A musical based on pan-toh (辦桌), a distinctive roadside banquet tradition unique to Taiwan, will tour Michigan this October. Featuring the Taipei-based National Chinese Orchestra (NCO, 臺灣國樂團) and Shintrun Taiwanese Opera Troupe (薪傳歌仔戲團) the performances will combine outdoor feasting customs with Taiwan's wedding culture.
Pan-toh, or roadside banquets, are held for a variety of special occasions, from wedding and funerals to housewarmings, teacher appreciation events, temple celebrations, and local elections. Friends, families, and neighbors are invited to join in and take part in the celebrations. There are a number of taboos and rules that need to be followed, with the choice and order of dishes and seating arrangements all strictly set out.
Pan-toh culture can be traced back to Qing-era Taiwan, when wealthy people would invite chefs to cook marvelous meals for them at home. This began to evolve into its more familiar form during the Japanese colonial era, when skilled cooks in villages would get together to prepare feasts for the community. These home chefs would also provide the tables, chairs, cutlery, and tableware, and community members would help themselves to the food.
Against the backdrop of an ensemble of traditional wind and percussion instruments, "Formosa Roadside Wedding Banquet" is a lively and storied production that aims to vividly present extraordinary tales as told by executive chefs catering to such roadside banquets.

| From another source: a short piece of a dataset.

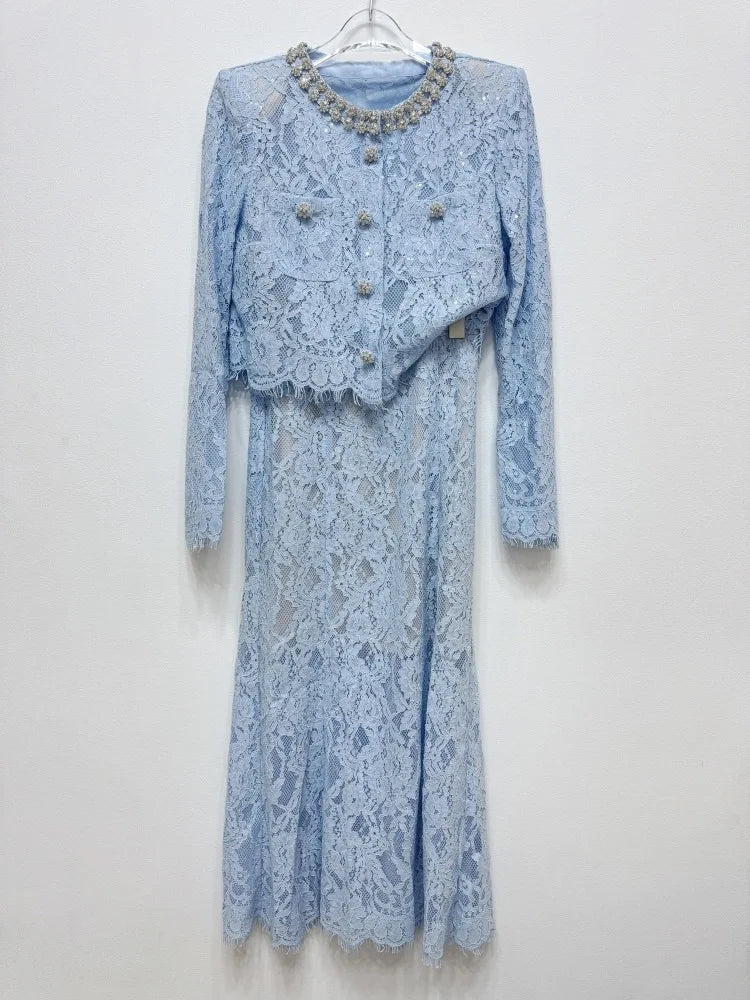 Luxury Lace Long Dress 2 Piece Sets Women 2025 Summer Holiday Hollow Out Embroidery Crystal Beaded Jackets Tops Maxi Skirt Suits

The unique Taiwanese feast shall be replicated by integrating daily appliances including woks, bowls, gourd ladles, pots, stoves, and firewood with the striking sounds and unique reverberations of traditional percussion instruments to convey the joyful atmosphere of food-centric Taiwanese wedding rituals.
To delineate a chef's complicated emotions over his daughter's marriage as he caters for the wedding guests, members of the Shintrun Taiwanese Opera Troupe will also take up the roles of matchmaker, bride, groom, and executive chef, as well as portray a merry cast of friends and family members.
Apart from introducing the mesmerizing sounds of roadside banquets to American audiences, the National Chinese Orchestra of Taiwan will also hold a special concert titled "Splendid Taiwan" at the University of Michigan on Oct. 7.